▶ _WHAT YOU WILL DO_
Among the entries that follow, locate the line with "Oyo 91686 Triple" and the line with "Casa à venda com 444m², 7 quartos e 5 vagas Casa". Output those lines and all lines in between, exactly, minus the pictures.

▶ _DATASET_
-----

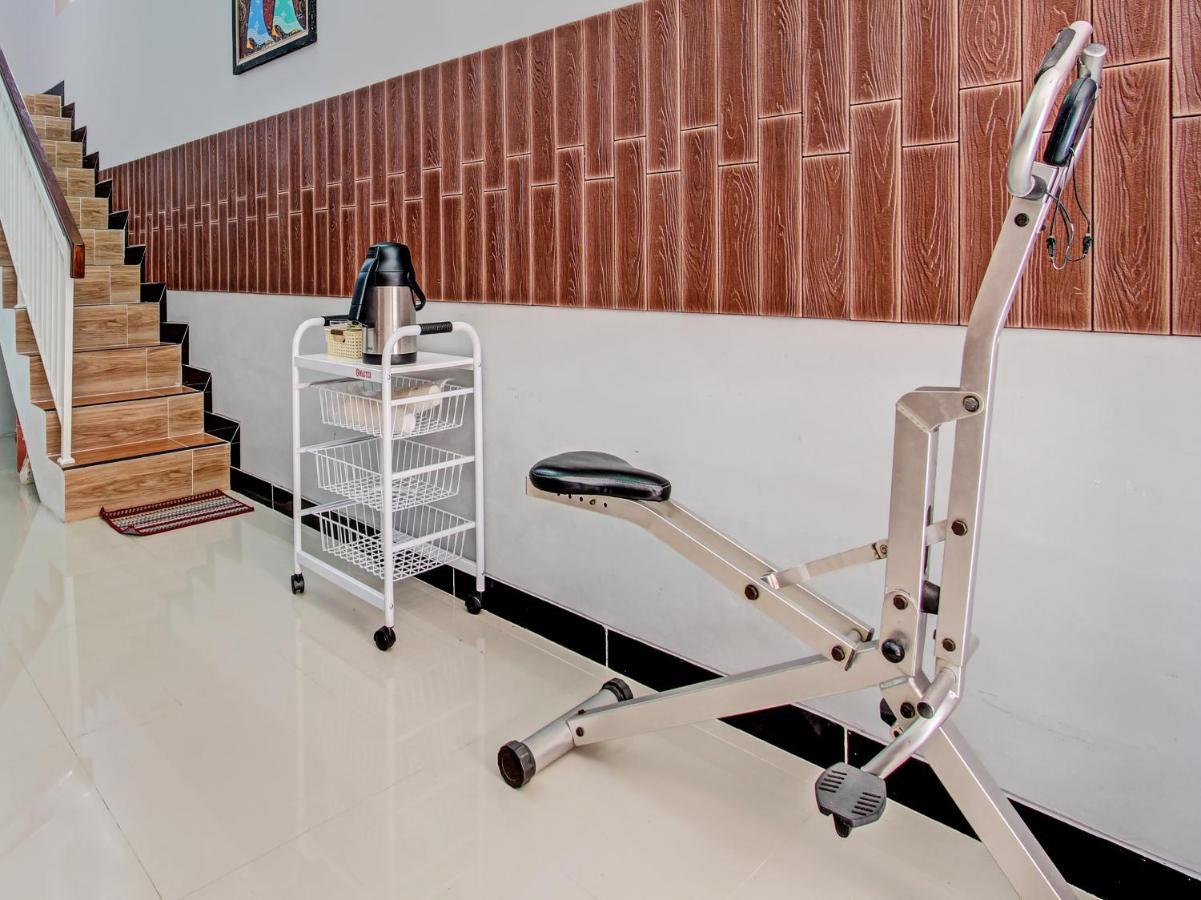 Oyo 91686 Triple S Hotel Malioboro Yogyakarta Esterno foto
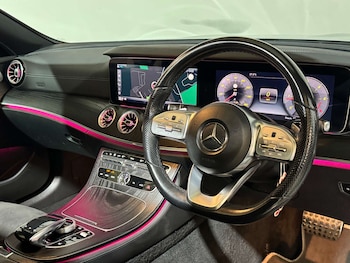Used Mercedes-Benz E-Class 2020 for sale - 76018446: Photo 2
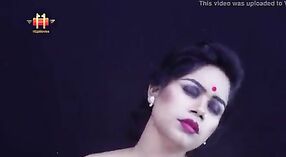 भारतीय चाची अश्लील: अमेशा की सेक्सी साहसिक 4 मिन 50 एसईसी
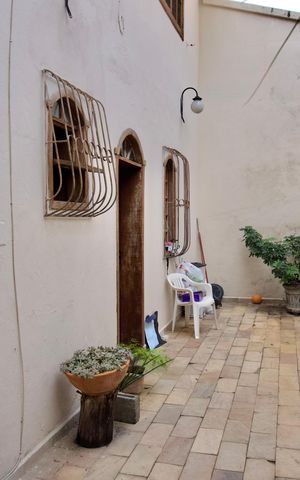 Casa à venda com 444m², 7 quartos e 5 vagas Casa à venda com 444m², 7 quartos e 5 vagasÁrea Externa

-----

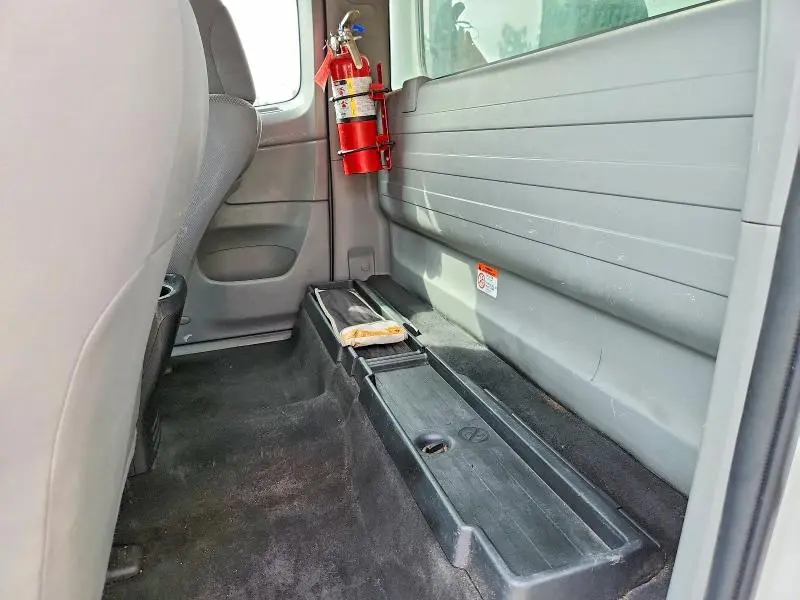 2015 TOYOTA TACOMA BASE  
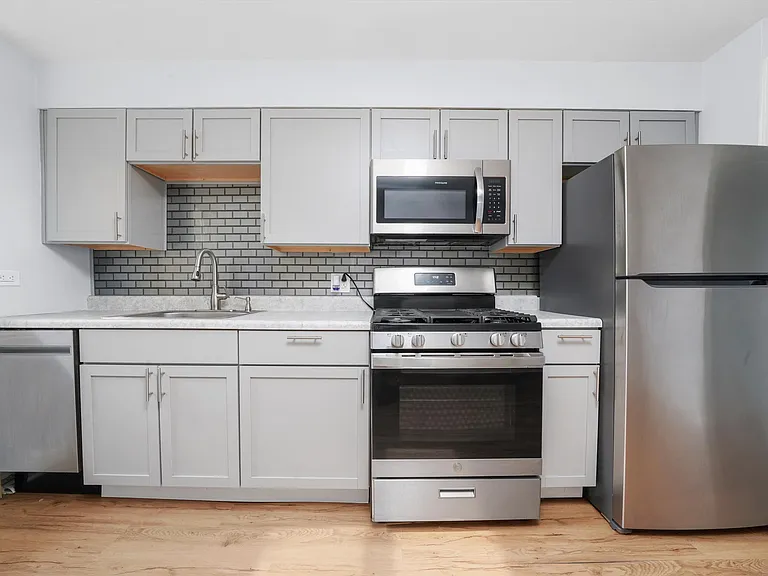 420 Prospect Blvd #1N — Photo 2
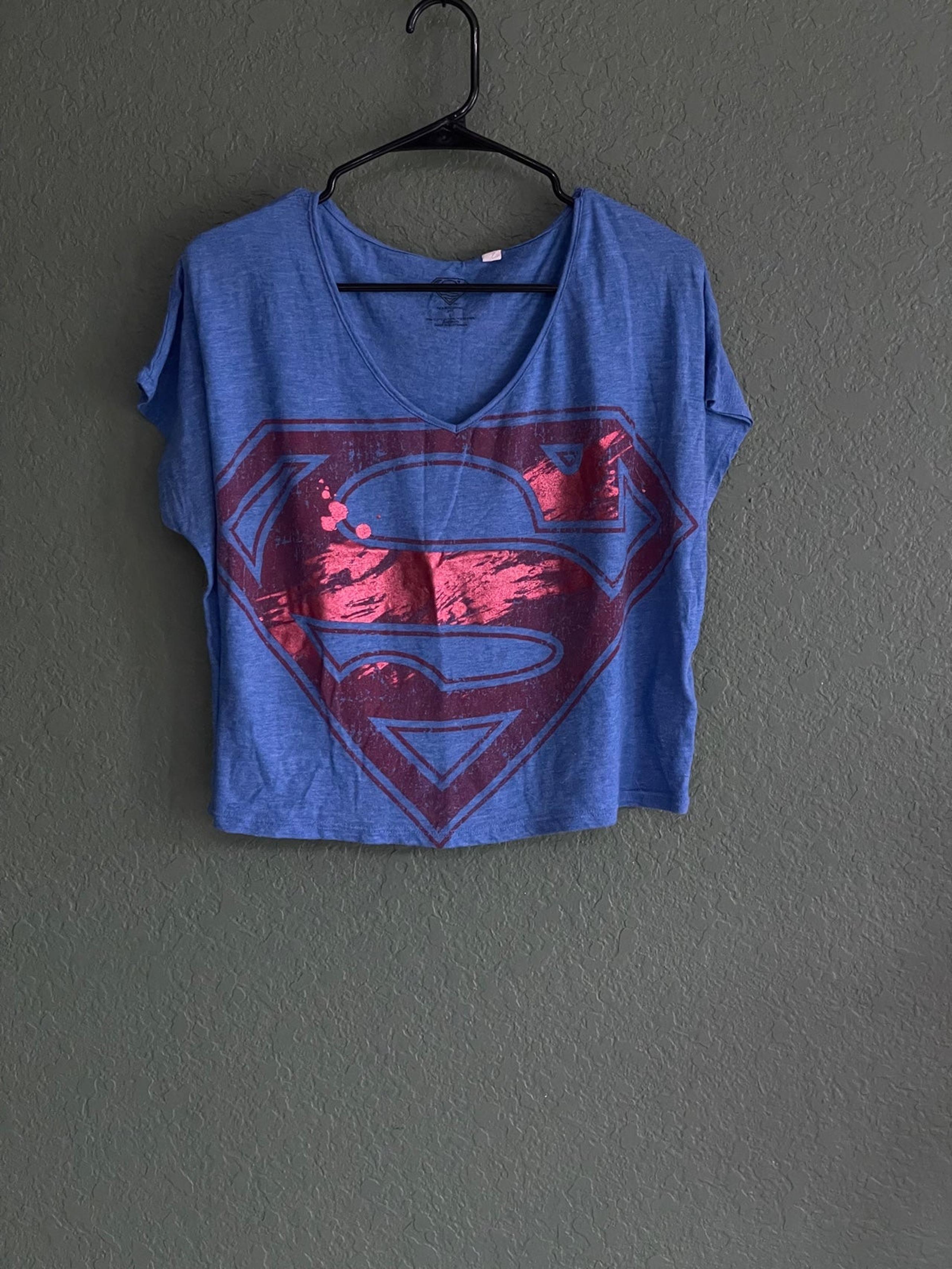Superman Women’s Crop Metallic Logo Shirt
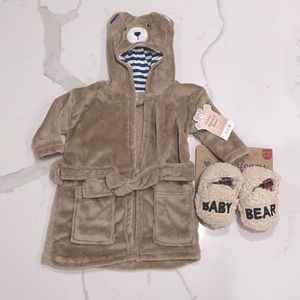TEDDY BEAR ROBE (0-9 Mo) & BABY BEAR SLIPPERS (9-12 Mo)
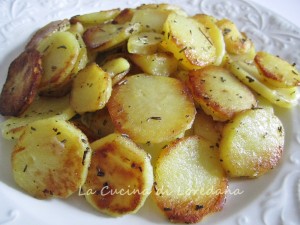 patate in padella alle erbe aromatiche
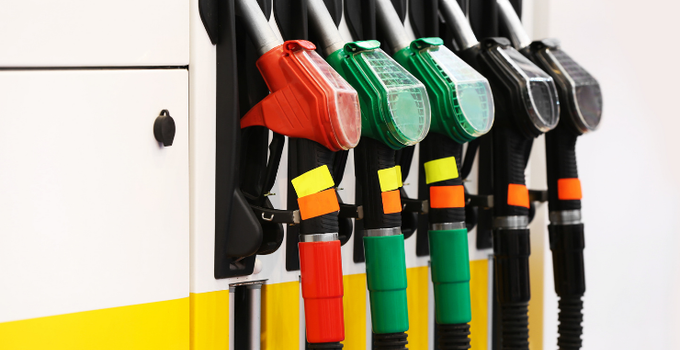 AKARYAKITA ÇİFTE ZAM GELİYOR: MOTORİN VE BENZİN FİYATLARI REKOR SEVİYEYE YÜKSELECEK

-----

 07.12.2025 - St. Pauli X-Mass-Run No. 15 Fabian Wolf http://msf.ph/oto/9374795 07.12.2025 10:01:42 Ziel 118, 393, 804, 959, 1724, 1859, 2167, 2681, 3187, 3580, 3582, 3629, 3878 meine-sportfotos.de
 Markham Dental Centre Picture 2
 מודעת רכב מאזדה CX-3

-----

▶ _RESPONSE FOR THIS EXERCISE_
 Oyo 91686 Triple S Hotel Malioboro Yogyakarta Esterno foto
Used Mercedes-Benz E-Class 2020 for sale - 76018446: Photo 2
 भारतीय चाची अश्लील: अमेशा की सेक्सी साहसिक 4 मिन 50 एसईसी
 Casa à venda com 444m², 7 quartos e 5 vagas Casa à venda com 444m², 7 quartos e 5 vagasÁrea Externa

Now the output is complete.